A particular treatment effect may exert both non-specific and specific effects. A non-specific treatment effect is an outcome that does not arise according to an intended mechanism of action. This can be a response to a placebo but can also reflect a spontaneous symptom improvement. A placebo is usually thought of as a sugar pill, but placebos can come in any form; they may be things (syringes, medical devices), rituals (anamnesis, ingestion of drugs), places (hospital, doctor’s office), relationships (with doctor, self-help group), medical beliefs to suggestive wordings [1
]. The response to a placebo can be either positive for the outcome of interest, defined as a placebo effect, or negative for the outcome of interest, defined as a nocebo effect.
These effects are commonly explained by expectancy and conditional learning [2
]. These two concepts overlap, so for convenience, we will use the term ‘expectancy’ to describe the mechanism behind placebo and nocebo effects.
Studies have shown that expectations can induce very powerful effects. In an experiment with an opioid painkiller, remifentanil, the presence of positive treatment expectancies was found to double the analgesic effect. Conversely, negative treatment expectancies interfered with the analgesic potential of the painkiller to the extent that the analgesic effect was completely abolished [3
]. In a double-blind sham surgery trial, investigating a new surgical transplant technique for treatment of Parkinson’s disease, sham and real surgery interventions were equally effective. However, participants who thought they received the transplant reported better quality of life [4
]. It seems that positive expectations were triggered by the perceived benefit from the treatment.
To control for the effects of expectations, the double-blind randomized controlled trial (RCT) design is commonly employed to study a novel intervention for its specific effects. Because neither participants nor investigators know who gets the intervention or the placebo, expectancies are balanced across groups. Double blinding makes groups comparable so that specific and non-specific treatment effects (that is, the effect size of the placebo group) can be ascertained with less potential for bias. Both intervention and placebo groups may have two important expectations in common: ‘I get the intervention or the placebo,’ and ‘The intervention under study can cure my problem.’

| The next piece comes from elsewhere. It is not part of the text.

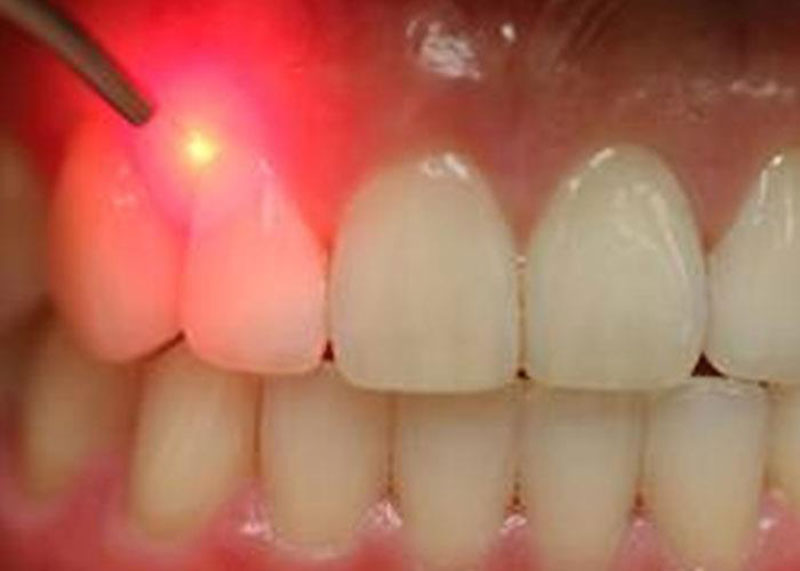BELESIS I. LAMPROS DDS, LSO, MSc: Φωτογραφίες & Βίντεο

However, there is little evidence that RCTs are, in fact, double-blinded [5
]. Many factors can undermine double-blinded methodology, including poor randomization methods, imperfect concealment of allocation, and the use of a placebo that is distinguishable from the intervention. Furthermore, in RCTs of pharmacological agents, the presence of side effects may allow participants or investigators to guess correctly who has been allocated to intervention or placebo [6
]. Therefore, the use of an active placebo that mimics some of the intervention’s side effects has been advocated to improve clinical trial blinding.
If an RCT is not double-blinded, participants and investigators will know who gets what type of treatment. Expectations, therefore, could become unbalanced among treatment arms. A participant allocated to the intervention would have altered expectations: ‘I get the intervention’ and ‘The intervention under study can cure my problem.’ This enhances the participant’s prior expectations and can generate an enhanced placebo effect. For participants receiving the placebo, expectations could be ‘I get the placebo,’ and ‘The intervention under study can cure my problem.’ This can lower participants’ expectations and generate a nocebo effect.
This review will test the hypothesis that unblinding in RCTs is associated with enhanced placebo effects for intervention groups and nocebo effects for placebo groups. We will investigate this research question by conducting a meta-epidemiological study of phosphodiesterase-5 (PDE-5) inhibitors. For many years, this treatment has been an established baseline treatment for erectile dysfunction (ED). Numerous trials, overviews, and systematic reviews provide evidence for the efficacy and safety of sildenafil, tadalafil, and vardenafil. There is also a growing evidence base for the newer molecules mirodenafil, udenafil, lodenafil, and avanafil. The PDE-5 inhibitors have been tested in many different populations, including those with broad-spectrum and specific comorbid conditions. The role of treatment expectations is of particular relevance to these medications for several reasons. Firstly, the evidence for efficacy relies solely on subjectively assessed outcomes, such as self-administered questionnaires (International Index of Erectile Functioning (IIEF)), event logs, and a global efficiency question (GEQ) [7
]. Randomized control trials that use these subjective outcome measures are especially vulnerable to unblinding: non-blinded RCTs report 25% higher estimates of treatment effects than their blinded counterparts [8
]. Whether this can be explained by nocebo effects in placebo groups or enhanced placebo effects for intervention groups was not reported. Secondly, since PDE-5 inhibitors are a well-tolerated and effective treatment for ED, initial expectations to treat this common male sexual problem are high for doctors, patients, and drug companies. Lastly, as suggestion can create expectancies [9
], the domain of male sexual performance is a very suggestive domain, where expectations can play a fundamental role.
This meta-epidemiological study will explore magnitude of expectancy and mediating factors in RCTs. If the mechanisms mediating placebo effects such as expectations can be used in a non-deceptive way to produce clinically advantageous outcomes, then it may be possible to incorporate these mechanisms into evidence-based healthcare decision-making.